Lisette Marie Flanary answers viewer questions about where to learn hula, the soundtrack to the film, Hawaiian language proverbs and more.

Hector in California asks: Do you envision this project as serving as a vehicle to bridge the gap between indigenous Hawaiians, and their preconceived notions of the halaus on the Mainland, and the Mainland Hawaiians?

Lisette Marie Flanary

Lisette Marie Flanary. Photo by Tom LeGoff.

Lisette Marie Flanary: I envision this project as a reflection of the pride felt by all Hawaiians, whether they live on the islands or the mainland. As communities away from the islands have continued to grow in strength and in number, I also believe that the "gap" has become less of a divide and more of a bridge that connects people through their heritage, not their location. This documentary will hopefully create more of a dialogue between communities and offer a better understanding of the mainland Hawaiian community through telling their unique stories. It is my hope that this film will open doors to new and different points of view that will help dispel preconceived notions as well as shatter stereotypes to inspire mutual respect in all of us.

Talia in South Carolina asks: Since hula is a dance that is so deeply entrenched in Hawaiian history and the identity of Hawaiian people, how are outsiders (those not of Hawaiian roots) received when they attempt to learn hula? Culturally, is hula something Hawaiians share with others simply through performance, or is there a sense of eagerness to teach the dance, the language to those of other native roots?
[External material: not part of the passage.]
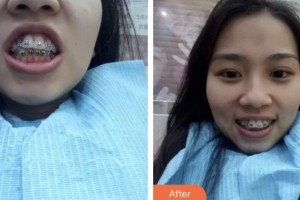 鹽城東方婦產(chǎn)醫(yī)院整形美容中心王武坤整形價(jià)格表附金屬托槽矯正案例展示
Flanary: People from all different cultural backgrounds come to learn the hula, and while the dance is deeply connected to all aspects of Hawaiian culture, they are not considered "outsiders" because they are not of Hawaiian ancestry. Many of them are Hawaiian-at-heart and anyone who comes to hula with an open mind and an open heart is welcomed as a part of the 'ohana or family. Through the hula dance, Hawaii is kept alive and stories are shared by all: men and women, young children and kupuna (elders), of different races, religions, and nationalities. I don't think there is a sense of eagerness to teach the dance to those of other native roots as much as there is an openness to it. One of the great hula masters, Aunti Maiki Aiu Lake, said, "I believe there is something of beauty in every human being. I feel that if one is interested in hula, and works hard at hula, hula will help to bring out that individual's inner beauty..." I know that when I am dancing next to one of my hula sisters or hula brothers, I am feeling the energy of a human being next to me and we are moving in unison together, as a group, as we dance. It's the expression of your inner self, the giving of your heart, mind, and soul that's important. The passion and dedication of both kumu hula (master teachers) and haumana (students) allow for people of other native roots to share in the beauty of the Hawaiian culture through the hula.

Many Viewers ask: Where can I learn how to do the hula? How can I find more information about hula events in my city?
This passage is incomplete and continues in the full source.